Fort Wayne, Ind. (Indiana’s NewsCenter) - A lengthy prison term is handed down to a man convicted of heinous crimes involving his ex-girlfriend's two small children.
A recent law change cracking down on child molesters means Michael Combs will do even more time behind bars.
The 27-year old Combs sobbed through much of Friday’s hearing, in which he was sentenced for child neglect, battery, and child molesting.
In 2010, Combs and his sister Anna Hogan were left in charge of Shanna Vorndran's one and two-year old sons, while she went to work.
Vorndran was Combs’ ex-girlfriend at the time.
The one-year old ended up with a fractured leg, while the two-year old had 70 bruises head to toe.
Hogan testified at Combs’ trial that she walked in and witnessed Combs performing a sex act on the older child.
Since 2008, offenders in three kinds of child molesting cases only get one day jail credit for every six days served, rather than the traditional one for one.

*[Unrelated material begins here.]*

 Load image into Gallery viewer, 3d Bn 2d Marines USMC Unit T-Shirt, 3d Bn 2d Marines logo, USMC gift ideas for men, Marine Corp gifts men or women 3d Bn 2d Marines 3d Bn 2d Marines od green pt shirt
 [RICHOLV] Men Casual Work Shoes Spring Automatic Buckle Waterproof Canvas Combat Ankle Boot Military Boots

It means molesters, in some cases, can do more prison time than a murderer.
" They could conceivably and probably would be more, just because that credit restriction, where you're only getting one day of credit for every 6 days served. So, it's really categorizing these folks completely differently," said Fran Gull, the Allen Superior Court Judge who sentenced Combs.
Hogan got an 8-year suspended sentence for her role in the neglect.
Vorndran got a six-year prison sentence.
Combs figures to spend more than 43 years behind bars, 13 years beyond the norm for the four crimes he was convicted of.
A “credit restricted felon”, such as Combs, is defined under Indiana law as a person who has been convicted of at least one of the following offenses:
(1) Child molesting involving sexual intercourse or deviate sexual conduct, if: (A) the offense is committed by a person at least 21 years of age; and (B) the victim is less than 12 years of age.
(2) Child molesting resulting in serious bodily injury or death.
(3) Murder, if: (A) the person killed the victim while committing or attempting to commit child molesting; (B) the victim was the victim of a sex crime for which the defendant was convicted; or (C) the victim of the murder was known by the person to be a witness against that same person in the prosecution of a sex crime, and the person committed the murder for the purpose of preventing the witness from testifying.